I have a pipeline that’s composed of many ordered steps in the DAG. Steps publish and consume metadata and artifacts to avoid repeating work.
If a step fails towards the right-hand end, to be able to iterate on fixing that, my current option is to make a fix then wait a while to see what happens. For game builds, this could be several hours.
I would like to be able to restart a build that has failed, from the point (or points, I suppose) of failure, with a newly chosen revision (probably defaulting to HEAD in the same branch), so that I can avoid needing to wait for all the previous steps that were green to be green again.
I’d like the restarted build to have access to the same build-state (artifacts and metadata and env) as it had at the point of failure.
I’d be totally fine with not being able to restart a restarted pipeline, if the first restart cleared the first failure and exposed a second; I’d still be sped up, here, and I appreciate that the semantics could get complex.

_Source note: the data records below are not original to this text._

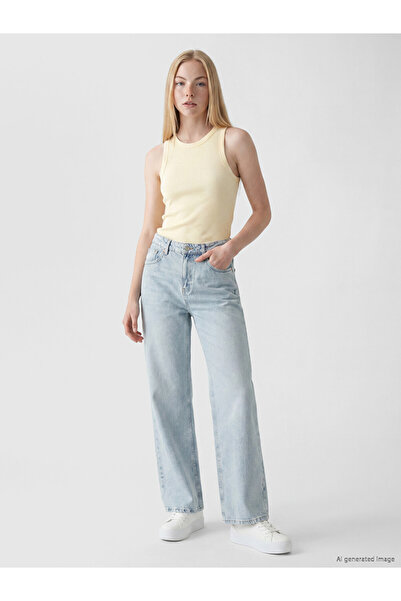 LC Waikiki Blue Wideleg Women's Jean Trousers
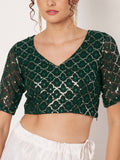 Georgette Sequin Embroidered Readymade Blouse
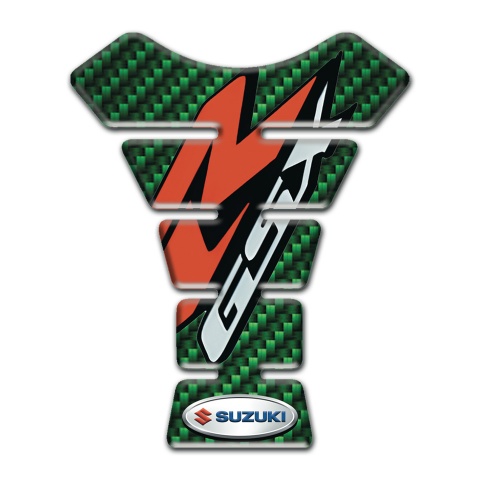 Suzuki Tank Fuse Green Carbon Base REd Gray Logo 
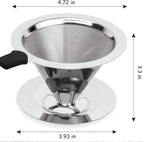 Slow Drip Paperless Coffee Filter, Pour Over Coffee Dripper, Reusable Pour Over Coffee Maker for Single Cup Brew, Double Mesh Design of Stainless Steel Cone Filter, with Clean Brush (1-4 cups)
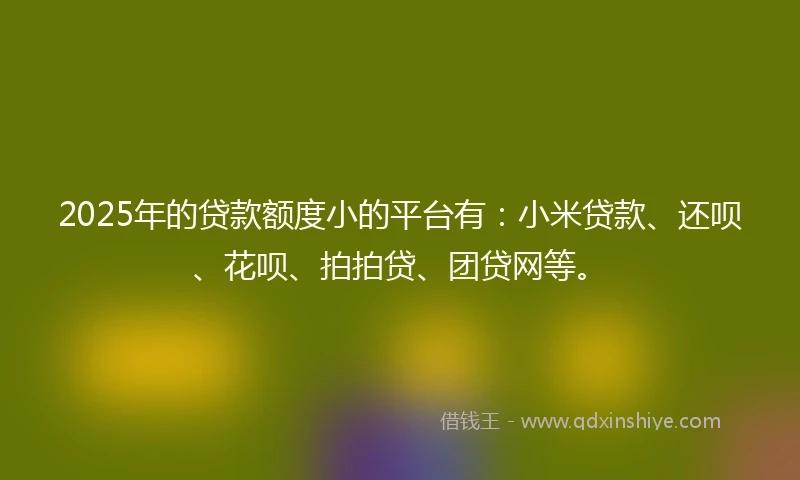 2025年的贷款额度小的平台有：小米贷款、还呗、花呗、拍拍贷、团贷网等。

I would not want a restarted build to change how commit-statuses got published onward to things like SCM providers, because I would absolutely still want only an end-to-end green build to be canonical.
I have thought about ways to make the artifacts possible to come from previously-successful builds of the pipeline - but this is both fiddly, and not necessarily suitable if the reason for the failure is relating to how the artifacts are dealt with.
Does anyone have any different ideas about how this set of problems could be solved today?